Exercise objective ▸ In the entries below, find the line with "a bedroom with" and transcribe it and every line after it exactly, through the last line, without pictures.

Collection entries:
━━━━━━━━━━━━━━━━━━━━

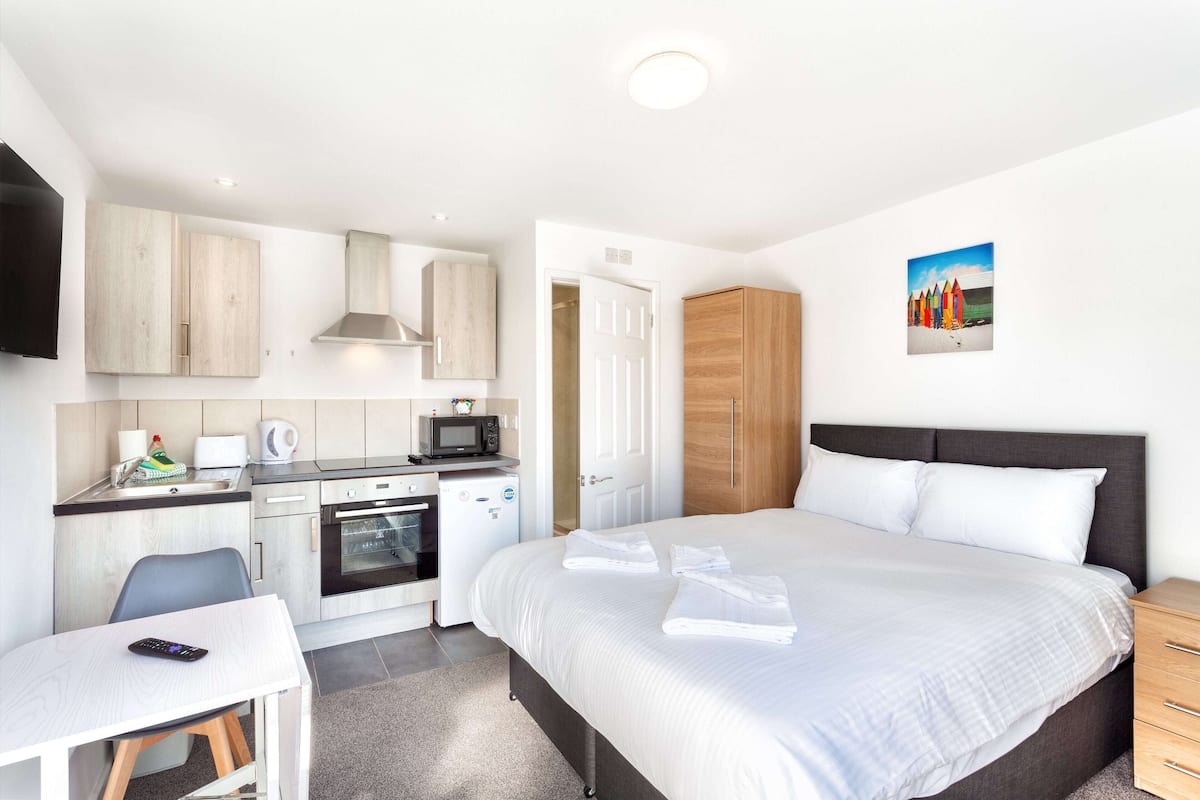 Een moderne hotelkamer met kitchenette, een bed met netjes gevouwen handdoeken, een nachtkastje en een schilderij aan de muur.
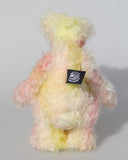 Blossom is a sweet and gently colourful, one of a kind mohair artist bear by Barbara-Ann Bears, she stands 10 inches/25 cm tall and is 8 inches/20 cm sitting. Blossom is made from medium length wildly curly mohair that Barbara has hand dyed a soft primrose yellow and delicate pink with matching hand dyed velvet paw pads
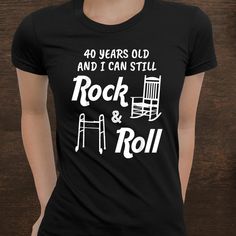 a woman wearing a black shirt that says 40 years old and i can still rock and roll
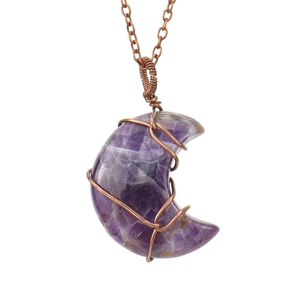 Macro shot of handmade wire-wrapped crescent moon amethyst pendant on vintage chain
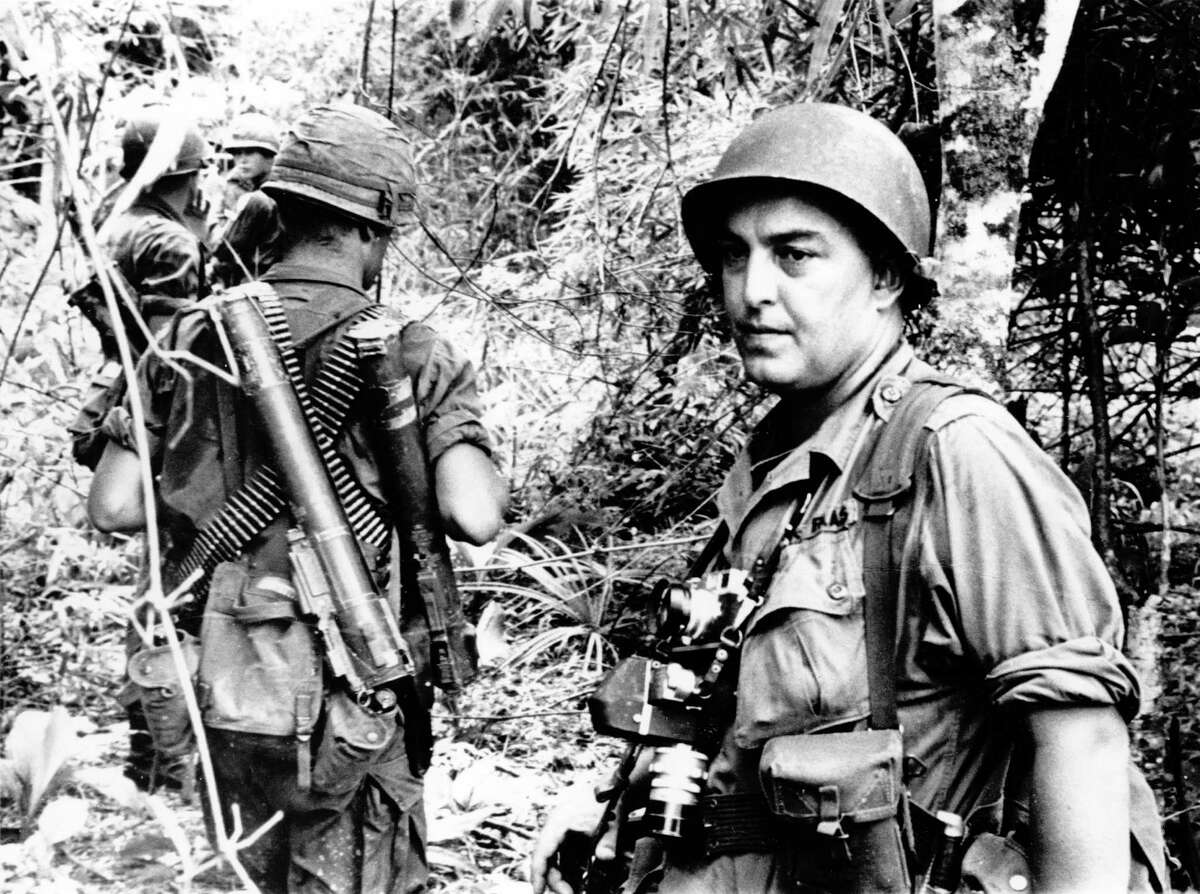 In this undated file photo, Associated Press photographer Horst Faas is shown on assignment with soldiers in South Vietnam. Faas, a prize-winning combat photographer who carved out new standards for covering war with a camera and became one of the world's legendary photojournalists in nearly half a century with The Associated Press, died Thursday May 10, 2012. He was 79.
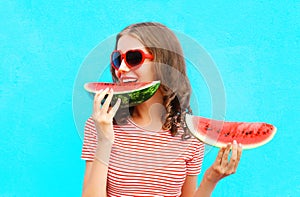 Happy young woman is eating slice of watermelon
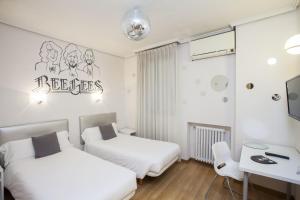 a bedroom with two beds and a desk and a table at Casual de la Música Valencia in Valencia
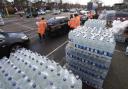 Long queues as people collect bottles of water at Places Leisure in Eastleigh.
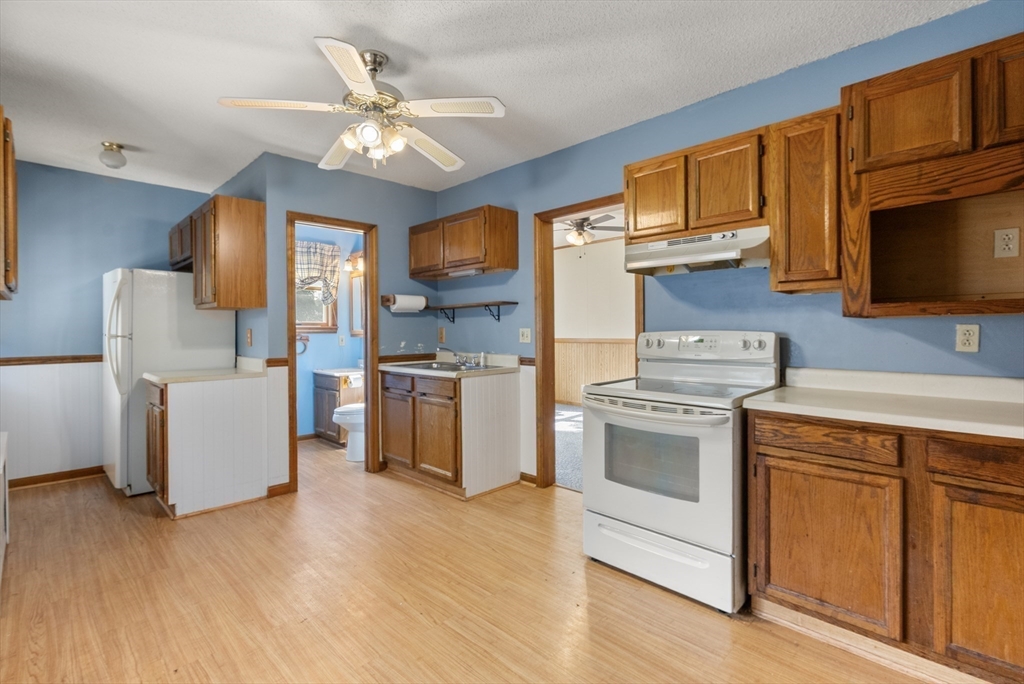 358 East Street, Unit 358 Ludlow, MA 01056 - Photo 4 of 10 a kitchen with cabinets wooden floor and stainless steel appliances
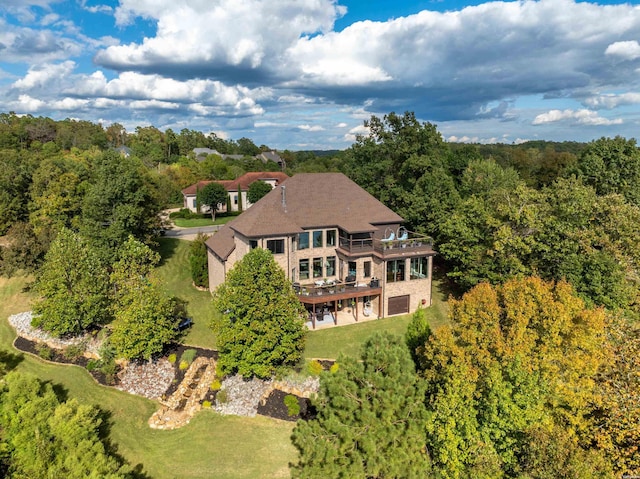 drone / aerial view with a forest view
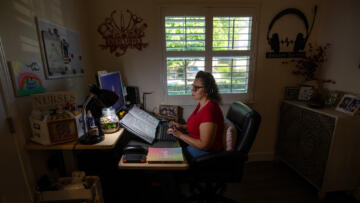 A person wearing a red shirt and a headset sits in front of a desk and types into a keyboard, in a dimly lit room with a window overlooking a residential street.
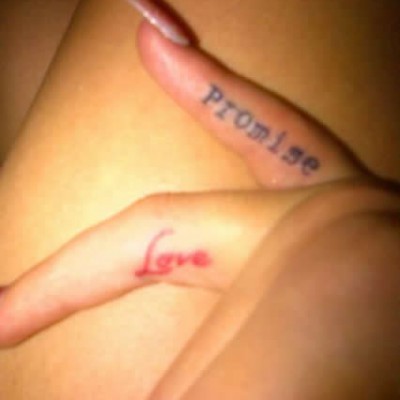 Rita Ora’s Red “Love” Tat on Her Ring Finger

━━━━━━━━━━━━━━━━━━━━

Answer to the problem ▸
 a bedroom with two beds and a desk and a table at Casual de la Música Valencia in Valencia
 Long queues as people collect bottles of water at Places Leisure in Eastleigh.
 358 East Street, Unit 358 Ludlow, MA 01056 - Photo 4 of 10 a kitchen with cabinets wooden floor and stainless steel appliances
 drone / aerial view with a forest view
 A person wearing a red shirt and a headset sits in front of a desk and types into a keyboard, in a dimly lit room with a window overlooking a residential street.
 Rita Ora’s Red “Love” Tat on Her Ring Finger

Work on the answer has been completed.